55 Ill. App. 497 | Ill. App. Ct. | 1894
delivered the opinion of the Court.
The Addison Farmers Mutual Insurance Company is a corporation organized and existing under the laws of Illinois and engaged in the business of a mutual fire insurance company in the counties of Cook and Du Page.
The appellee, Hahn, became a member of the company and held a policy of insurance issued by said company which covered a barn, grain and stock, for a term of five years, and expired October 24, 1886.
The barn and contents were destroyed by fire October 30, 1886.
On October 28, 1886, an agent of the insurance company called at the house of Hahn and notified his wife that the insurance had expired. Hahn was at work on his farm about a mile from his home and did not meet the agent. Some conversation took place between the agent and Mrs. TTa.hn concerning a renewal of the insurance and the agent went away. The only persons present at the conversation were the agent and Mrs. Hahn and her daugher, Amelia.
The agent did not testify on the hearing of the cause, but Mrs. Hahn and the daughter, Amelia, did.
Subsequent to the fire, and in due time, the appellee presented his claim for loss against the company, claiming a loss on building and contents of $1,300.
Controversy arose among some of the stockholders and some of the directors as to whether Hahn should be paid anything, because there was no policy of insurance in force when the fire occurred. This controversy was carried into the annual meeting of the stockholders which took place January 8, 1887, where a resolution was carried directing the officers of the company to pay Hahn, the appellee, $750; and about January 15, 1887, the board of directors directed the secretary of the company to issue a warrant on the treasurer to pay Hahn that amount, which warrant was accordingly issued and delivered to Hahn.
The appellants are members and policy holders of said company, and being dissatisfied with the action of the directors of the company in issuing á warrant to appellee as aforesaid, filed their bill in equity to restrain the directors and officers of the company from paying the amount of the warrant to Hahn or his assigns, and obtained a preliminary injunction to that effect.
After that injunction was issued Hahn brought a suit at law against the company to recover the $750, and thereupon the appellants filed their supplemental bill setting up that fact, and obtained an injunction against him from prosecuting his action at law.

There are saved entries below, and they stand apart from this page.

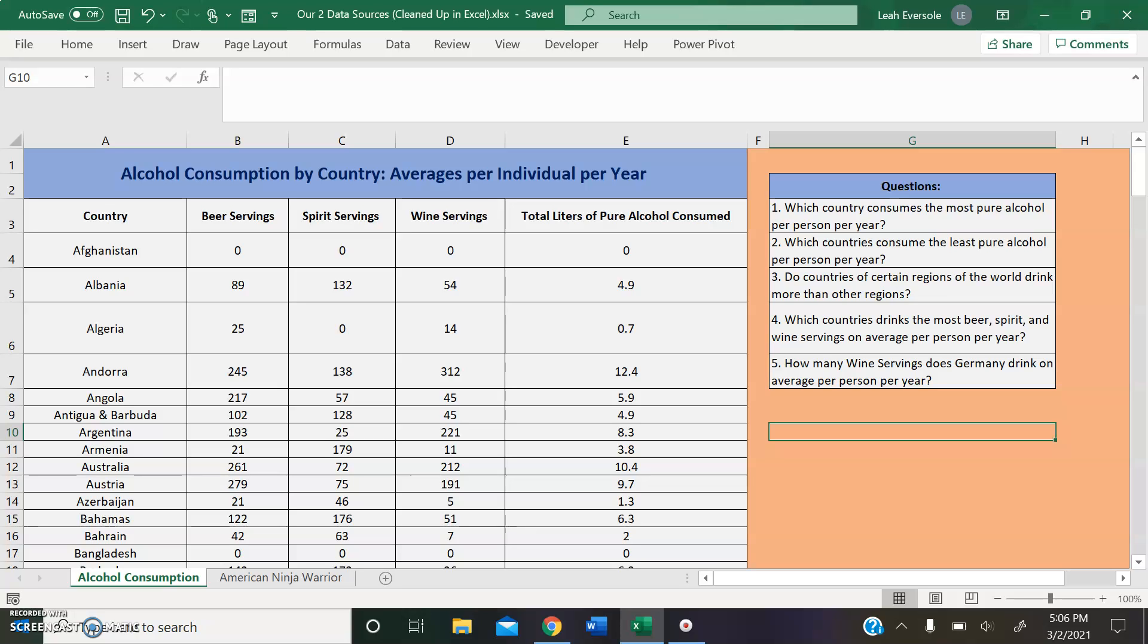Some basic and specific questions we could answer with this data set include Which country consumes the most pure alcohol per person per year? Which countries consume the least pure alcohol per person per year? Do countries of certain regions of the world drink more than other regions?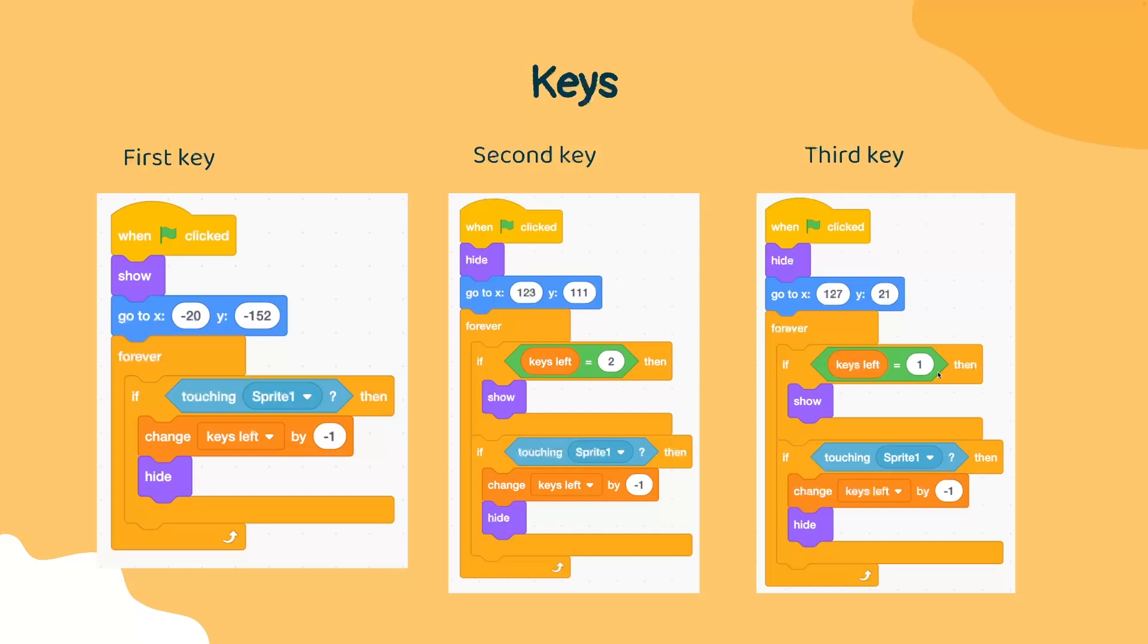And the only time that this would happen is if the player has successfully collected the second key. Once the player has collected the second key, we will show the third key. And then we will check if the player is touching this key. If it is, we're going to do our final keys left change by negative one and we're going to hide the third key.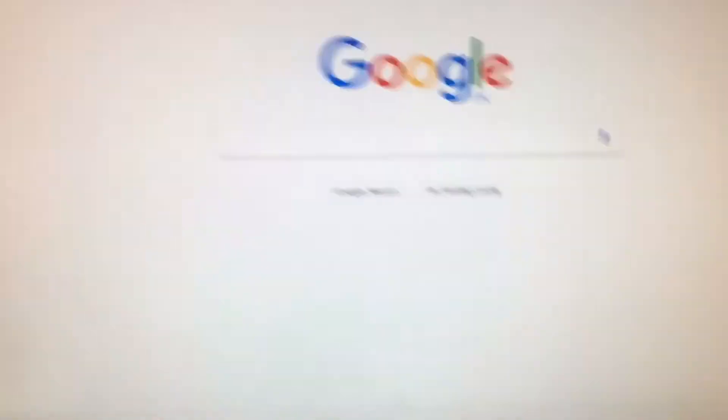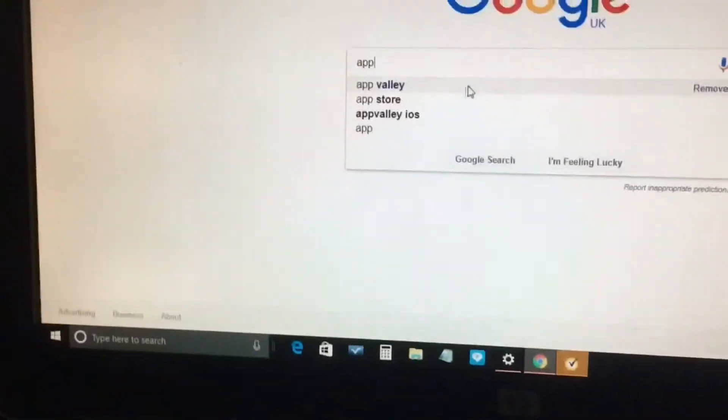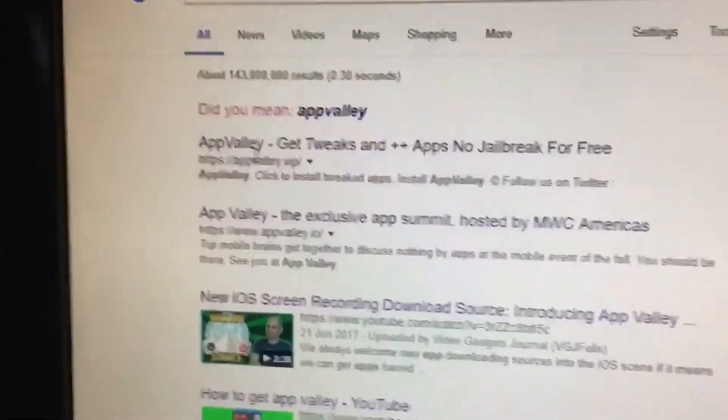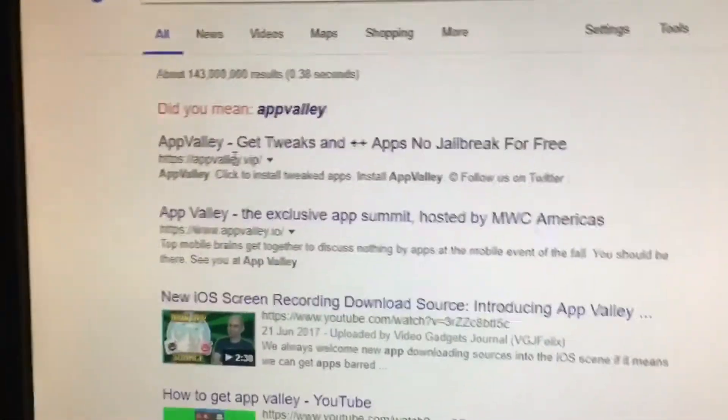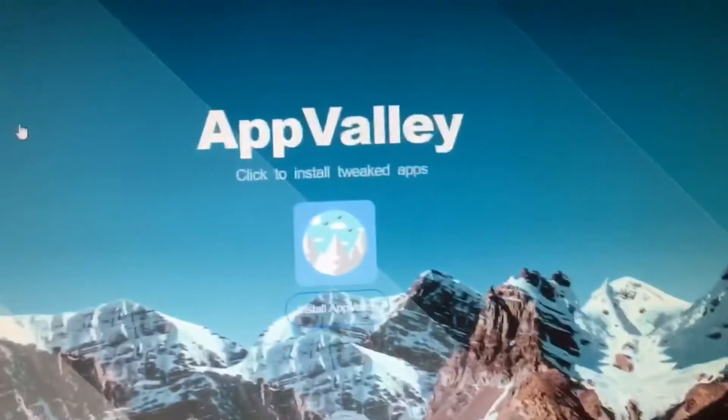So let's get right into my computer. What you're going to want to do is type in App Valley, then click on the one that says App Valley. You can do this on your phone by the way — I'm just doing it on my computer to show you guys. So you click on this and it will take you to this page.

The cause was referred to a master and he reported in favor of dismissing both bill and supplemental bill, and his report was confirmed by the court and both bills were ordered to be dismissed. From that decree this appeal is prosecuted.
Humero ns questions of importance relative to mutual insurance companies are presented by the bill and are urged upon our consideration, but in the view we take of one of the questions that controls all the others, so far as this case is concerned, we are relieved of considering but that one.
A verbal contract of insurance is valid, in the absence of a statute to the contrary. People’s Ins. Co. v. Paddon, 8 Ill. App. 447; Ela v. French, 11 N. H. 356; Mobile Marine, etc., Ins. Co. v. McMillen, 31 Ala. 711; May on Insurance, Sec. 14; 1 Phillips on Insurance, 8.
Whether the undisputed testimony of Mrs. Hahn and Amelia Hahn proved a valid contract, need not be decided. It certainly tended toward establishing a sufficient contract, and was, clearly, enough to furnish grounds for a reasonable legal dispute, and as such, to furnish a good consideration and foundation for a compromise of the claim.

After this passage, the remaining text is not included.